Happy few porte à l’écran le récit troublant, touchant, de deux couples apparemment stables, heureux, solides, qui voient leur quotidien bouleversé par un échange de partenaires qui devait au départ n’être l’objet que d’un seul soir. Évidemment, ils se font prendre à leur propre jeu; leur appréciation de la compagnie de l’autre devient de plus en plus forte, pour enfin devenir insoutenable. Ils en viennent à négliger leurs familles respectives, laissant les enfants de côté afin de vivre pleinement leur passion commune, dans une symbiose qui peut faire penser à une complète liberté sexuelle. D’abord dans un respect surprenant, en plein contrôle de leurs moyens, les quatre amis devenus amants tombent rapidement dans le piège de l’attachement, du questionnement, mettant en doute le bien-fondé de cette aventure devenue dépendance.

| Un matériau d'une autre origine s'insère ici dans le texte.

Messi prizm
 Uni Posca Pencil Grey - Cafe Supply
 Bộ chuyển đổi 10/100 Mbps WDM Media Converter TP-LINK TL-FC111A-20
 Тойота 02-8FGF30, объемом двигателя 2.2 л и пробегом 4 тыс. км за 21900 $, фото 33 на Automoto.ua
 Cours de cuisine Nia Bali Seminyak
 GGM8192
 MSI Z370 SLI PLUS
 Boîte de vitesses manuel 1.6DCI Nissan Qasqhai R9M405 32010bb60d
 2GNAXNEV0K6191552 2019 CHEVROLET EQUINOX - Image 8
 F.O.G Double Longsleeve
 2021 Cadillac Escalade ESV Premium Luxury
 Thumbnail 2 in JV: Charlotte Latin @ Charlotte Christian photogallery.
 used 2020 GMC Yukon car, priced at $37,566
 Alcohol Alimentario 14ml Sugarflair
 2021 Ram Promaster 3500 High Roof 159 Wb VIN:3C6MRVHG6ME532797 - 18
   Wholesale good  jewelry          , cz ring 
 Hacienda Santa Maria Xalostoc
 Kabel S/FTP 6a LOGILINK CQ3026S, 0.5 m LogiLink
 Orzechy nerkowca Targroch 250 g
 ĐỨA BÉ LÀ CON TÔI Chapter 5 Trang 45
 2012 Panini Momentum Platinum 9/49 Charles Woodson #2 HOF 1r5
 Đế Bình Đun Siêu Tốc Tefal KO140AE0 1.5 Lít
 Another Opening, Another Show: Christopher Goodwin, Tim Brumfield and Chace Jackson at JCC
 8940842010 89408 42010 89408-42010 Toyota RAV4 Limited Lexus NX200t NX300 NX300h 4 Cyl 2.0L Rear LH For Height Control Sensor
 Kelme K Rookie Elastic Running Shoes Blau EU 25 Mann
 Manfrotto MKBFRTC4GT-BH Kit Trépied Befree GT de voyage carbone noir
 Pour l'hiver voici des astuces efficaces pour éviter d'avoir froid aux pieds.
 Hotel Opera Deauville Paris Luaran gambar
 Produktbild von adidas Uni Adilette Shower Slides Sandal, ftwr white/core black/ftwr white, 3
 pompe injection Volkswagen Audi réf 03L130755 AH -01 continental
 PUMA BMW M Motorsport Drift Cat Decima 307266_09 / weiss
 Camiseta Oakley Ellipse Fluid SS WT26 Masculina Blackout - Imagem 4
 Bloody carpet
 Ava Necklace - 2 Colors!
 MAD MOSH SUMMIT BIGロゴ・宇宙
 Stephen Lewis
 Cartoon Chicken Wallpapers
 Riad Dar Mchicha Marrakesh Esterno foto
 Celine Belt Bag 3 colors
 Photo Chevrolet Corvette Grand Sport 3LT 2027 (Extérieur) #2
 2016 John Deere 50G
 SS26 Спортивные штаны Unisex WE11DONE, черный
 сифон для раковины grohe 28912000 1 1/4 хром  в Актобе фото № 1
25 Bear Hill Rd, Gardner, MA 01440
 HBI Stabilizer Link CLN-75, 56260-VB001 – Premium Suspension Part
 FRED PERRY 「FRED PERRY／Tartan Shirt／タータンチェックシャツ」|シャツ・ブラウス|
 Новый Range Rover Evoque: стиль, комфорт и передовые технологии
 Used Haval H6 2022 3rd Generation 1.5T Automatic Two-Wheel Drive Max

Marina Foïs, Roschdy Zem, Elodie Bouchez et Nicolas Duvauchelle campent brillamment ces personnages troublés à la recherche de leur identité, cherchant réponse à l’inconnu à travers une abondance de sexualité. Toujours dans une justesse désarmante, leur jeu, autant individuel que commun, dégage une profonde humanité, un naturel ébranlant. Jamais le spectateur ne peut se mettre en position de jugement, même face à la particularité de la situation, tellement les événements sont présentés avec vérité.
Côté réalisation, Antony Cordier offre du temps à ses acteurs, du temps dans le plan en lui-même afin de laisser toute la place au récit, à la sensibilité du sujet traité. Il serait facile de tomber dans une sexualité gratuite, de surexploiter l’échangisme dans ses stéréotypes les plus connus, mais Cordier l’évite à tout coup, privilégiant la force du silence à la facilité d’un visuel choc.
Bref, Happy few se propose comme un film d’une belle douceur, d’une authenticité charmante, qui réussit à traiter justement et respectueusement d’un sujet délicat, voire tabou.